On Sept. 21, 2007, part of the opera house roof collapsed, severing a sprinkler pipe which flooded parts of the first floor and compromised the building’s stability. At a special town meeting, the town authorized selectmen to take the property by eminent domain.

“The town’s two choices were to demolish it as a dangerous building and bill (Mazzaglia) for those costs or to take it and stabilize it,” Holt said in an email. “Because of its significance to Norway and the region, the town voted to take it.”

“Prior to that, (Mazzaglia) had had a year to make the building safe and had not done so,” he said.

Mazzaglia testified last week that he received a $40,000 bid to repair the roof and trusses that had rotted, but found the bid was too high. Instead, he worked with a subcontractor to repair the building himself.

Mazzaglia said he paid $225,000 for the building in 2003. He testified that he added a new roof and floors, as well as other improvements.

In late 2010, the town hired Chabot’s Construction to stabilize the building at a cost of more than $233,000. In his judgment, Clifford found that figure to be reasonable and necessary to stabilization, noting the opera house is still not fit for occupancy.

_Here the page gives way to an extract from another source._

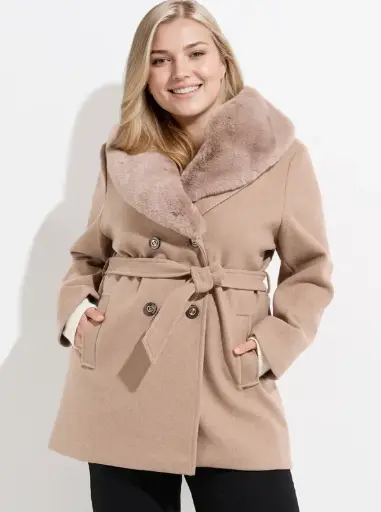Manteau Elsa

Mazzaglia’s appraiser had submitted a $22,000 figure to prepare the building for occupancy, but said the $328,000 estimate wouldn’t be accurate if the cost of rehabilitating the structure and readying it for paying tenants was substantially more than $22,000.

Clifford ruled the work by Chabot’s Construction proved that was so. “The court finds that the actual amount that was necessary and would be still be necessary to ready the building for occupancy is so much in excess of $22,000, that the court has to conclude that the Rogers appraisal of $328,000 can not be relied on,” he wrote.

Town Manager David Holt said experts from the town gave good, factual testimony in the condition of the building.

“The town is pleased to have this payment issue resolved and will continue to work methodically toward the goal of working with its partners to once again see the Norway Opera House as a valuable contributor to life on Main Street,” Holt said in an email.